Comunicazione della domanda di mediazione
Depositata la domanda di mediazione l’organismo provvede a comunicare alle parti diverse informazioni, tra le quali la data del primo incontro.

Primo incontro di mediazione
Il primo incontro di mediazione, al quale devono partecipare le parti personalmente (o un loro rappresentante munito di delega specifica e sostanziale se sussistono gravi motivi che impediscono la partecipazione diretta dell’interessato) è guidato dal mediatore. Costui descrive la funzione e le modalità in cui si svolgerà la mediazione e si adopera affinché le parti possano giungere subito a un accordo. Il primo incontro di mediazione può avere tre esiti diversi:

  • le parti raggiungono subito un accordo;
  • le parti non trovano un accordo;
  • il mediatore fissa un nuovo incontro perché le e parti necessitano di confronti ulteriori per giungere a un accordo.

Incontri di mediazione
Il terzo esito del primo incontro di mediazione è quello più frequente. Nella realtà è molto difficile infatti che le parti raggiungano un accordo al termine del primo incontro di mediazione.
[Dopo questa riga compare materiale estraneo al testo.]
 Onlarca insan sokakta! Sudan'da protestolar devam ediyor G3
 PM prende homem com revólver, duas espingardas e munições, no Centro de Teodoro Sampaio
Quando la controversia è complessa e durante gli incontri emerge la necessita di approfondimenti anche di tipo tecnico, gli incontri possono essere diversi e numerosi, nel rispetto ovviamente della durata massima di tre mesi prorogabile di altri tre. La richiesta di consulenti può essere sollevata dalle parti o dal mediatore, che può avvalersi a tale fine di tecnici iscritti negli albi tenuti dai tribunali. Nel corso dei vari incontri il mediatore ha anche la facoltà dei formulare una proposta di conciliazione: se le parti non riescono a trovare un accordo; e gliene hanno fatto richiesta comune durante il procedimento.

Conclusione procedimento di mediazione: esiti possibili
Compiute tutte le precedenti attività la mediazione può concludersi principalmente in due modi.

Le parti raggiungono l’accordo di conciliazione
Il mediatore forma il processo verbale e vi allega il testo dell’accordo. L’accordo di conciliazione al suo interno deve indicare il relativo valore e può prevede il pagamento di una somma di denaro per eventuali violazioni e inosservanze. Dal punto di vista formale l’accordo deve essere firmato dalle parti, dai loro avvocati e dagli altri eventuali soggetti che hanno preso parte alla mediazione. Il mediatore certifica le firme e attesta l’eventuale impossibilità di qualcuno di procedere alla sottoscrizione, dopodiché lo deposita presso la segreteria dell’organismo di mediazione. Il verbale che contiene l’accordo può essere redatto in formato digitale o analogico e in quest’ultimo caso deve essere redatto in tanti originali quante sono le parti che hanno preso parte alla mediazione, a cui si somma un originale che deve essere depositato presso l’organismo di mediazione. Nel caso in cui le parti concludano un accordo rientrante tra gli atti previsti dall’art. 2643 c.c e che riguardano beni immobili o diritti immobiliari lo stesso deve essere trascritto. Per procedere in questo senso però la firma apposta sull’accordo deve essere autenticata da un pubblico ufficiale autorizzato.

Le parti non raggiungono l’accordo di conciliazione
In questo caso il mediatore da atto dell’esito negativo della mediazione nel verbale, ma può anche formulare una proposta di mediazione da allegare, informando le parti delle conseguenze in caso di rifiuto (art. 13).